Despite upbeat statements from both KRG and Iraqi officials suggesting an imminent breakthrough on the resumption of Kurdistan’s oil exports, no final agreement has yet been reached. Ali Nizar, director of Iraq’s SOMO, said the talks have reached the “final stages,” but exports will only resume once “all remaining details are finalized.”
At the same time, the Iraqi Council of Ministers decided today to release July salaries for the Kurdistan Region’s public employees. Officials confirmed that this transfer is tied to the KRG’s obligation to remit 120 billion dinars in non-oil revenues to Baghdad, while leaving the details of the oil agreement to be finalized by the oil ministry.

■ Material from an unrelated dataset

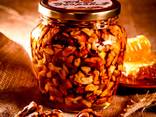 Грецкий орех в мёде / Грецкий орех в меду/ Грецкие орехи в мёде/ Орехи в меду /Грецкий оре - фото 3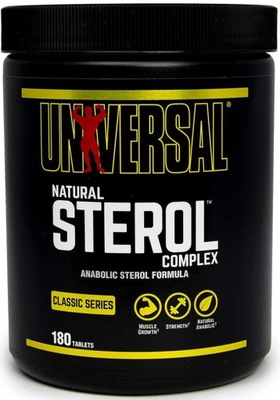 UNIVERSAL NATURAL STEROL COMPLEX 180TAB TESTOSTERO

Context: After months of negotiations—and amid mounting pressure on the KRG due to unpaid salaries—the Iraqi government, the KRG, and international oil companies say they have agreed on a temporary four-page framework to restart Kurdistan’s halted exports. Under the draft, companies are to be compensated in oil to settle the long-disputed $16 per-barrel production cost payment. Between 180,000 and 230,000 barrels are slated for export daily depending on capacity, with another 50,000 reserved for local consumption. Disputes are to be referred to the Paris-based international arbitration court.
Yet the deal remains incomplete. DNO and its partner Genel Energy—together controlling roughly 30% of the Kurdistan Region’s output, or about 65,000 barrels per day—have refused to sign, insisting on repayment guarantees for past debts. The KRG owes DNO an estimated $300 million, while overall arrears to all producers are said to exceed $1.5 billion. DNO’s full capacity is 85–90,000 barrels per day, but output has recently fallen due to drone strikes.

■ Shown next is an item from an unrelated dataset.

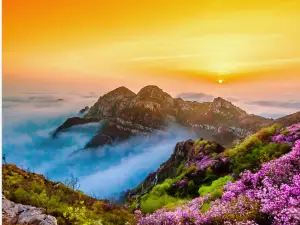 Dahei Mountain Scenic Area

Details: A source from the Northern Oil Company told Rudaw TV that their representative attended the latest meeting, which brought together Iraq’s Oil Ministry, the KRG’s Ministry of Natural Resources, and international oil firms. According to the source, Kurdistan’s crude is to be delivered to the Northern Oil Company’s Zakho station near the Turkish border, then transferred to Ceyhan port. Oil from Kirkuk fields will not be included.
The source added that no firm timeline has been set, though exports could resume within days once the Council of Ministers issues its final approval. Another participant in the negotiations confirmed that exports are expected to restart shortly after the agreement takes effect.

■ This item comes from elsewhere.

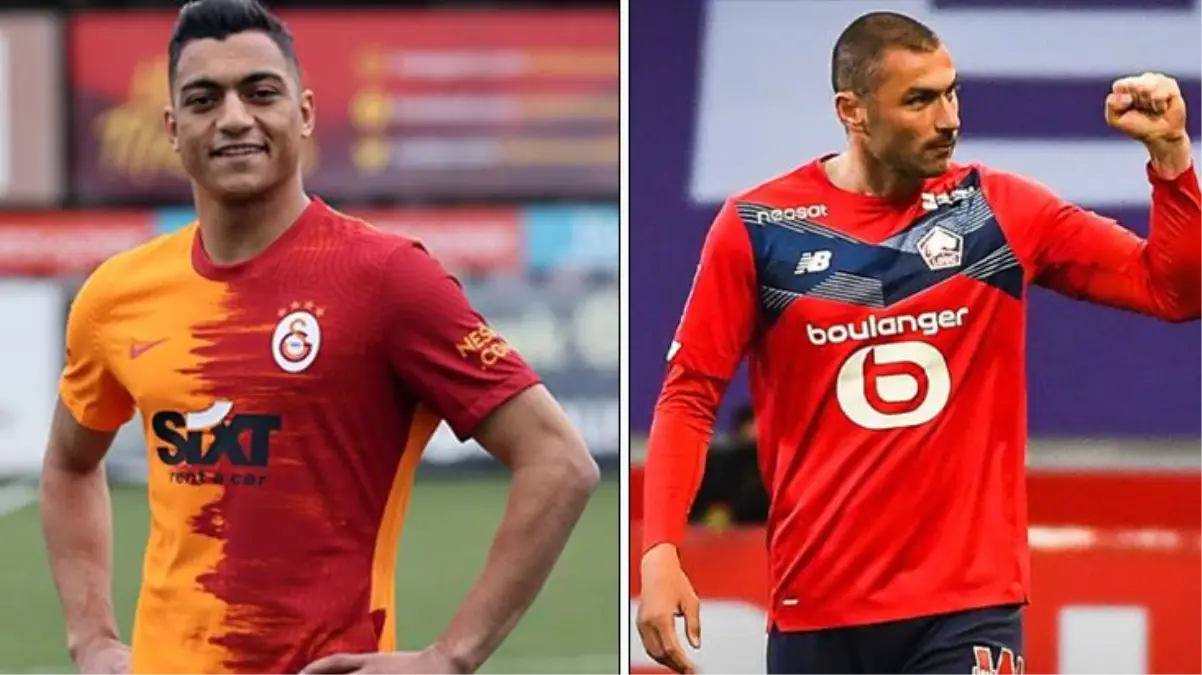 Mostafa Mohamed\'in Galatasaray\'daki akıbetini Lille\'de forma giyen Burak Yılmaz belirleyecek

Still, major uncertainty hangs over implementation. According to the Iraqi Center for Energy, the framework is only temporary—lasting two months—and lacks parliamentary cover as Iraq enters its November election season.
However, significant uncertainty remains over the details of the deal. In today’s Iraqi Council of Ministers meeting, it was decided to push ahead with the tentative oil export framework without DNO. But if DNO is excluded, questions arise over the position of its partner, Genel Energy, which owns 25% of the two blocs DNO operates and together currently produce around 80,000 barrels per day.
Conflicting accounts have emerged. One report, citing a source from the meeting, said DNO’s share—currently about 60–65,000 barrels per day—would be diverted for local consumption, with the remainder handed over to SOMO. Yet it is unclear how feasible this would be in practice, since it would require a separate arrangement to purchase DNO’s oil for domestic use. Such a mechanism would again expose DNO to an agreement with Baghdad, something the company has already rejected without guarantees on its arrears.
If DNO were fully excluded and another 50,000 barrels set aside for local consumption as previously agreed, the volume of oil the KRG could deliver to Baghdad for export would fall to just over 100,000 barrels per day—potentially making resumption of pipeline exports unfeasible.
Other sources, however, suggest that today’s meeting only tied the release of July salaries to the KRG transferring 120 billion dinars in non-oil revenues, meaning that many of the technical details of the oil framework remain unresolved.
DNO underscored its position in a statement today: “As the largest producer, the arrears owed to us by the KRG dwarf those of many of the others. Our exposure to future payment risk is also substantially higher than any other company.”
The company operates the Tawke and Peshkabir fields jointly with Genel Energy, which holds a 25% interest in the blocs. In the first half of 2025, average production stood at 78,421 barrels per day—of which Genel’s share was 19,605 bpd and DNO’s share 58,815 bpd. The modest decline in Q2 output was attributed to the 12-day Iran–Israel conflict.